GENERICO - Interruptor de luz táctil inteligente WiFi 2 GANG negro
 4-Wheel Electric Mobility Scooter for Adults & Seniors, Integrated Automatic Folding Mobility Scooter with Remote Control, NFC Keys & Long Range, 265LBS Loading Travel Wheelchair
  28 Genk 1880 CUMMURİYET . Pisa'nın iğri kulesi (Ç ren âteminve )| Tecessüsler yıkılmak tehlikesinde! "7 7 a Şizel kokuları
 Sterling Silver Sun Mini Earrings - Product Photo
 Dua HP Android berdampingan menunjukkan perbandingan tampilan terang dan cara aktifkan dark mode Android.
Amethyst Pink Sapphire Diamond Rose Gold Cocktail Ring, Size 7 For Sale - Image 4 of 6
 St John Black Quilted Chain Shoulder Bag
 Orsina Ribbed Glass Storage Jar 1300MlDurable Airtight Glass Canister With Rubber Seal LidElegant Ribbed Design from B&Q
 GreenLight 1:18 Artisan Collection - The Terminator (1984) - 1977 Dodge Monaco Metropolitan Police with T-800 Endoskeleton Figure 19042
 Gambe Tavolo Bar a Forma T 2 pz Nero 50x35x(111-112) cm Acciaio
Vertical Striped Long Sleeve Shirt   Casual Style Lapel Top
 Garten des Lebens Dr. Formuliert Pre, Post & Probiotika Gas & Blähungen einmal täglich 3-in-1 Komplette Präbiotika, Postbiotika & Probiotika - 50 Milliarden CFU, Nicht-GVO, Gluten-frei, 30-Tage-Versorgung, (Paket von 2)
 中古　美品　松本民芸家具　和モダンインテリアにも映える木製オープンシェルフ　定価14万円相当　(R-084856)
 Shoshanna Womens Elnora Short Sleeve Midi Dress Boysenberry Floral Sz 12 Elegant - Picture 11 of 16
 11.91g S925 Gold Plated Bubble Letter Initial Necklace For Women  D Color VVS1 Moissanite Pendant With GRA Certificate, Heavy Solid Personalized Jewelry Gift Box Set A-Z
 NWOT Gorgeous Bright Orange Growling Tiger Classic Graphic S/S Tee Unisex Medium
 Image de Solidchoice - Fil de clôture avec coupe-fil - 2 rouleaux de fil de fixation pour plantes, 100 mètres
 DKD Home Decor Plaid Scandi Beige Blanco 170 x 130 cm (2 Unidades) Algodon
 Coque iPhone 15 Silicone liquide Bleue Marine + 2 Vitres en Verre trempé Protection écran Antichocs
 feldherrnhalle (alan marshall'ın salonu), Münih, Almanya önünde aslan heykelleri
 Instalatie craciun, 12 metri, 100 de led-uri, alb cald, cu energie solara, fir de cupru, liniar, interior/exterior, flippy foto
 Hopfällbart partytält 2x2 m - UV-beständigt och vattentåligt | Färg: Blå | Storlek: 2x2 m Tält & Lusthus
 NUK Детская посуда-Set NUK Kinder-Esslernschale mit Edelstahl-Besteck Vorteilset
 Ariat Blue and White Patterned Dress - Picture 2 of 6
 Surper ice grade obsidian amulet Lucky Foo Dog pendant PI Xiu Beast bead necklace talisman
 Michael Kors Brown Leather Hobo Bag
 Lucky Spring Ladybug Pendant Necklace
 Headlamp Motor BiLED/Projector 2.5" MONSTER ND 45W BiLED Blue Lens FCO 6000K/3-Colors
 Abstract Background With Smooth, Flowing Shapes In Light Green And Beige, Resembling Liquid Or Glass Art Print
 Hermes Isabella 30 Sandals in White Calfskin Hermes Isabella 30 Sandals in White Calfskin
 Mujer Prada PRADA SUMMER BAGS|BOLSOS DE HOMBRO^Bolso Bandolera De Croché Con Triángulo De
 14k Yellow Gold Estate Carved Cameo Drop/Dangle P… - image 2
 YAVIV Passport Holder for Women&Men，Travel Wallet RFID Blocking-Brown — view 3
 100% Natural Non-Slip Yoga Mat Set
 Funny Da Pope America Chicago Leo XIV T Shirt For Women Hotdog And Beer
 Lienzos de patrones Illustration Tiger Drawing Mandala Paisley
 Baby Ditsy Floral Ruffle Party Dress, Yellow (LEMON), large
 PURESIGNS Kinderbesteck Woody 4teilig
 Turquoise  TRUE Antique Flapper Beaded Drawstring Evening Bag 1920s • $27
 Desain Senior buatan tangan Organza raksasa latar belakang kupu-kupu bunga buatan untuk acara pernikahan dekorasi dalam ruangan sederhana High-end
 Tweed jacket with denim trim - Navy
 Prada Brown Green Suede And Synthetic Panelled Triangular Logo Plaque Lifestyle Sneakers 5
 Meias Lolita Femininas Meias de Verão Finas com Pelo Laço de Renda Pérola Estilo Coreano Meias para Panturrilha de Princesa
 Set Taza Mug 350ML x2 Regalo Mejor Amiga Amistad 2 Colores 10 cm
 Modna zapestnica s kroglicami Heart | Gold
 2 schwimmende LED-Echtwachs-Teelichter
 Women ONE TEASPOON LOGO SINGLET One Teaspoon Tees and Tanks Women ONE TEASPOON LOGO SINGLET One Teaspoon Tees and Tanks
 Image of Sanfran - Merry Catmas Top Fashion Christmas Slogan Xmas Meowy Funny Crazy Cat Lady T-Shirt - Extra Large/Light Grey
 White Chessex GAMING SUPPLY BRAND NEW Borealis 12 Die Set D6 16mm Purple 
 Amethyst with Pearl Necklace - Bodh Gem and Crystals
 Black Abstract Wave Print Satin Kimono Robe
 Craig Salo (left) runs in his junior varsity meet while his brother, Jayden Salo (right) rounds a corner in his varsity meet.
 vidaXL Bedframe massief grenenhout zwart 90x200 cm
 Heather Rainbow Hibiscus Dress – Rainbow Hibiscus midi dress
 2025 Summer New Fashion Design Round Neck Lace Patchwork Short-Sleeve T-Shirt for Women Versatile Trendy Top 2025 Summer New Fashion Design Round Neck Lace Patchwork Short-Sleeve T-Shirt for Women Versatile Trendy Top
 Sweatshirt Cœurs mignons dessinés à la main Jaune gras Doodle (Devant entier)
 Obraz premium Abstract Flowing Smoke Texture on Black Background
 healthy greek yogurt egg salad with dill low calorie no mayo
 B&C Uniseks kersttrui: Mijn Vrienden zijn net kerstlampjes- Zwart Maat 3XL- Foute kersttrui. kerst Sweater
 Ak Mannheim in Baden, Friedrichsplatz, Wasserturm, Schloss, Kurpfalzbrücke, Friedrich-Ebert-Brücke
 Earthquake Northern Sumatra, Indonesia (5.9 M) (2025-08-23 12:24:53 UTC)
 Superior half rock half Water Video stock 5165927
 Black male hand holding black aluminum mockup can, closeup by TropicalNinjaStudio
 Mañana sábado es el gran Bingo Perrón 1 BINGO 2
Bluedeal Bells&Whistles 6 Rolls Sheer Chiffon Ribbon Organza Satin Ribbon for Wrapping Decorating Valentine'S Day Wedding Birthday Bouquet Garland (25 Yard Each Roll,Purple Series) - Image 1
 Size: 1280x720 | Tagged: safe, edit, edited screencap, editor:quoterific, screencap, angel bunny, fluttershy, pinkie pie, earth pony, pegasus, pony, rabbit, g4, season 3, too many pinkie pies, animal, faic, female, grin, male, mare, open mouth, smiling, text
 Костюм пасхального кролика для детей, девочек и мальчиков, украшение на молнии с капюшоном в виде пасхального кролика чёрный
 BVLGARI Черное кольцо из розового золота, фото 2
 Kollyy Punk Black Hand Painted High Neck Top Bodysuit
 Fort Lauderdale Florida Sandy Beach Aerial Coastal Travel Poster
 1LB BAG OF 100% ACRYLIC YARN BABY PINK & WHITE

* **What the task requires**: Each line above should be duplicated without any alteration.

* **Exercise result**:
GENERICO - Interruptor de luz táctil inteligente WiFi 2 GANG negro
 4-Wheel Electric Mobility Scooter for Adults & Seniors, Integrated Automatic Folding Mobility Scooter with Remote Control, NFC Keys & Long Range, 265LBS Loading Travel Wheelchair
  28 Genk 1880 CUMMURİYET . Pisa'nın iğri kulesi (Ç ren âteminve )| Tecessüsler yıkılmak tehlikesinde! "7 7 a Şizel kokuları
 Sterling Silver Sun Mini Earrings - Product Photo
 Dua HP Android berdampingan menunjukkan perbandingan tampilan terang dan cara aktifkan dark mode Android.
Amethyst Pink Sapphire Diamond Rose Gold Cocktail Ring, Size 7 For Sale - Image 4 of 6
 St John Black Quilted Chain Shoulder Bag
 Orsina Ribbed Glass Storage Jar 1300MlDurable Airtight Glass Canister With Rubber Seal LidElegant Ribbed Design from B&Q
 GreenLight 1:18 Artisan Collection - The Terminator (1984) - 1977 Dodge Monaco Metropolitan Police with T-800 Endoskeleton Figure 19042
 Gambe Tavolo Bar a Forma T 2 pz Nero 50x35x(111-112) cm Acciaio
Vertical Striped Long Sleeve Shirt   Casual Style Lapel Top
 Garten des Lebens Dr. Formuliert Pre, Post & Probiotika Gas & Blähungen einmal täglich 3-in-1 Komplette Präbiotika, Postbiotika & Probiotika - 50 Milliarden CFU, Nicht-GVO, Gluten-frei, 30-Tage-Versorgung, (Paket von 2)
 中古　美品　松本民芸家具　和モダンインテリアにも映える木製オープンシェルフ　定価14万円相当　(R-084856)
 Shoshanna Womens Elnora Short Sleeve Midi Dress Boysenberry Floral Sz 12 Elegant - Picture 11 of 16
 11.91g S925 Gold Plated Bubble Letter Initial Necklace For Women  D Color VVS1 Moissanite Pendant With GRA Certificate, Heavy Solid Personalized Jewelry Gift Box Set A-Z
 NWOT Gorgeous Bright Orange Growling Tiger Classic Graphic S/S Tee Unisex Medium
 Image de Solidchoice - Fil de clôture avec coupe-fil - 2 rouleaux de fil de fixation pour plantes, 100 mètres
 DKD Home Decor Plaid Scandi Beige Blanco 170 x 130 cm (2 Unidades) Algodon
 Coque iPhone 15 Silicone liquide Bleue Marine + 2 Vitres en Verre trempé Protection écran Antichocs
 feldherrnhalle (alan marshall'ın salonu), Münih, Almanya önünde aslan heykelleri
 Instalatie craciun, 12 metri, 100 de led-uri, alb cald, cu energie solara, fir de cupru, liniar, interior/exterior, flippy foto
 Hopfällbart partytält 2x2 m - UV-beständigt och vattentåligt | Färg: Blå | Storlek: 2x2 m Tält & Lusthus
 NUK Детская посуда-Set NUK Kinder-Esslernschale mit Edelstahl-Besteck Vorteilset
 Ariat Blue and White Patterned Dress - Picture 2 of 6
 Surper ice grade obsidian amulet Lucky Foo Dog pendant PI Xiu Beast bead necklace talisman
 Michael Kors Brown Leather Hobo Bag
 Lucky Spring Ladybug Pendant Necklace
 Headlamp Motor BiLED/Projector 2.5" MONSTER ND 45W BiLED Blue Lens FCO 6000K/3-Colors
 Abstract Background With Smooth, Flowing Shapes In Light Green And Beige, Resembling Liquid Or Glass Art Print
 Hermes Isabella 30 Sandals in White Calfskin Hermes Isabella 30 Sandals in White Calfskin
 Mujer Prada PRADA SUMMER BAGS|BOLSOS DE HOMBRO^Bolso Bandolera De Croché Con Triángulo De
 14k Yellow Gold Estate Carved Cameo Drop/Dangle P… - image 2
 YAVIV Passport Holder for Women&Men，Travel Wallet RFID Blocking-Brown — view 3
 100% Natural Non-Slip Yoga Mat Set
 Funny Da Pope America Chicago Leo XIV T Shirt For Women Hotdog And Beer
 Lienzos de patrones Illustration Tiger Drawing Mandala Paisley
 Baby Ditsy Floral Ruffle Party Dress, Yellow (LEMON), large
 PURESIGNS Kinderbesteck Woody 4teilig
 Turquoise  TRUE Antique Flapper Beaded Drawstring Evening Bag 1920s • $27
 Desain Senior buatan tangan Organza raksasa latar belakang kupu-kupu bunga buatan untuk acara pernikahan dekorasi dalam ruangan sederhana High-end
 Tweed jacket with denim trim - Navy
 Prada Brown Green Suede And Synthetic Panelled Triangular Logo Plaque Lifestyle Sneakers 5
 Meias Lolita Femininas Meias de Verão Finas com Pelo Laço de Renda Pérola Estilo Coreano Meias para Panturrilha de Princesa
 Set Taza Mug 350ML x2 Regalo Mejor Amiga Amistad 2 Colores 10 cm
 Modna zapestnica s kroglicami Heart | Gold
 2 schwimmende LED-Echtwachs-Teelichter
 Women ONE TEASPOON LOGO SINGLET One Teaspoon Tees and Tanks Women ONE TEASPOON LOGO SINGLET One Teaspoon Tees and Tanks
 Image of Sanfran - Merry Catmas Top Fashion Christmas Slogan Xmas Meowy Funny Crazy Cat Lady T-Shirt - Extra Large/Light Grey
 White Chessex GAMING SUPPLY BRAND NEW Borealis 12 Die Set D6 16mm Purple 
 Amethyst with Pearl Necklace - Bodh Gem and Crystals
 Black Abstract Wave Print Satin Kimono Robe
 Craig Salo (left) runs in his junior varsity meet while his brother, Jayden Salo (right) rounds a corner in his varsity meet.
 vidaXL Bedframe massief grenenhout zwart 90x200 cm
 Heather Rainbow Hibiscus Dress – Rainbow Hibiscus midi dress
 2025 Summer New Fashion Design Round Neck Lace Patchwork Short-Sleeve T-Shirt for Women Versatile Trendy Top 2025 Summer New Fashion Design Round Neck Lace Patchwork Short-Sleeve T-Shirt for Women Versatile Trendy Top
 Sweatshirt Cœurs mignons dessinés à la main Jaune gras Doodle (Devant entier)
 Obraz premium Abstract Flowing Smoke Texture on Black Background
 healthy greek yogurt egg salad with dill low calorie no mayo
 B&C Uniseks kersttrui: Mijn Vrienden zijn net kerstlampjes- Zwart Maat 3XL- Foute kersttrui. kerst Sweater
 Ak Mannheim in Baden, Friedrichsplatz, Wasserturm, Schloss, Kurpfalzbrücke, Friedrich-Ebert-Brücke
 Earthquake Northern Sumatra, Indonesia (5.9 M) (2025-08-23 12:24:53 UTC)
 Superior half rock half Water Video stock 5165927
 Black male hand holding black aluminum mockup can, closeup by TropicalNinjaStudio
 Mañana sábado es el gran Bingo Perrón 1 BINGO 2
Bluedeal Bells&Whistles 6 Rolls Sheer Chiffon Ribbon Organza Satin Ribbon for Wrapping Decorating Valentine'S Day Wedding Birthday Bouquet Garland (25 Yard Each Roll,Purple Series) - Image 1
 Size: 1280x720 | Tagged: safe, edit, edited screencap, editor:quoterific, screencap, angel bunny, fluttershy, pinkie pie, earth pony, pegasus, pony, rabbit, g4, season 3, too many pinkie pies, animal, faic, female, grin, male, mare, open mouth, smiling, text
 Костюм пасхального кролика для детей, девочек и мальчиков, украшение на молнии с капюшоном в виде пасхального кролика чёрный
 BVLGARI Черное кольцо из розового золота, фото 2
 Kollyy Punk Black Hand Painted High Neck Top Bodysuit
 Fort Lauderdale Florida Sandy Beach Aerial Coastal Travel Poster
 1LB BAG OF 100% ACRYLIC YARN BABY PINK & WHITE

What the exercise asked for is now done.